(RECORDS SHOWN begins)

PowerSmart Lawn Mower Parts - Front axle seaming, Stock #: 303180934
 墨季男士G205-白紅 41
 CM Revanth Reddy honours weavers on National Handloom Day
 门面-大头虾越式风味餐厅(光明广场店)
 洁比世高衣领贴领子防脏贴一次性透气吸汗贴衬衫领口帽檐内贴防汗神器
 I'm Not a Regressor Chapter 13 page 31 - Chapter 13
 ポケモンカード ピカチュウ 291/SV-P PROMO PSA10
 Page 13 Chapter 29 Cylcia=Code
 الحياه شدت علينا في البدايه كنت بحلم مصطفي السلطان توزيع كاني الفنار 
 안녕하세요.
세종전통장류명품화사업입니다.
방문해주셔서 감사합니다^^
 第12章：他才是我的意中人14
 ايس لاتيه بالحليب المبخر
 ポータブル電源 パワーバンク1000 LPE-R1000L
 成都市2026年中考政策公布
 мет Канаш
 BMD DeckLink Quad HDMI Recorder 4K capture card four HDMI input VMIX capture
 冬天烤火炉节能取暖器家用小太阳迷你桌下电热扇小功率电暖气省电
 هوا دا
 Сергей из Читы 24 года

(RECORDS SHOWN ends)

What is needed here is the full listing, restated word for word.

> _EXERCISE OUTPUT_
PowerSmart Lawn Mower Parts - Front axle seaming, Stock #: 303180934
 墨季男士G205-白紅 41
 CM Revanth Reddy honours weavers on National Handloom Day
 门面-大头虾越式风味餐厅(光明广场店)
 洁比世高衣领贴领子防脏贴一次性透气吸汗贴衬衫领口帽檐内贴防汗神器
 I'm Not a Regressor Chapter 13 page 31 - Chapter 13
 ポケモンカード ピカチュウ 291/SV-P PROMO PSA10
 Page 13 Chapter 29 Cylcia=Code
 الحياه شدت علينا في البدايه كنت بحلم مصطفي السلطان توزيع كاني الفنار 
 안녕하세요.
세종전통장류명품화사업입니다.
방문해주셔서 감사합니다^^
 第12章：他才是我的意中人14
 ايس لاتيه بالحليب المبخر
 ポータブル電源 パワーバンク1000 LPE-R1000L
 成都市2026年中考政策公布
 мет Канаш
 BMD DeckLink Quad HDMI Recorder 4K capture card four HDMI input VMIX capture
 冬天烤火炉节能取暖器家用小太阳迷你桌下电热扇小功率电暖气省电
 هوا دا
 Сергей из Читы 24 года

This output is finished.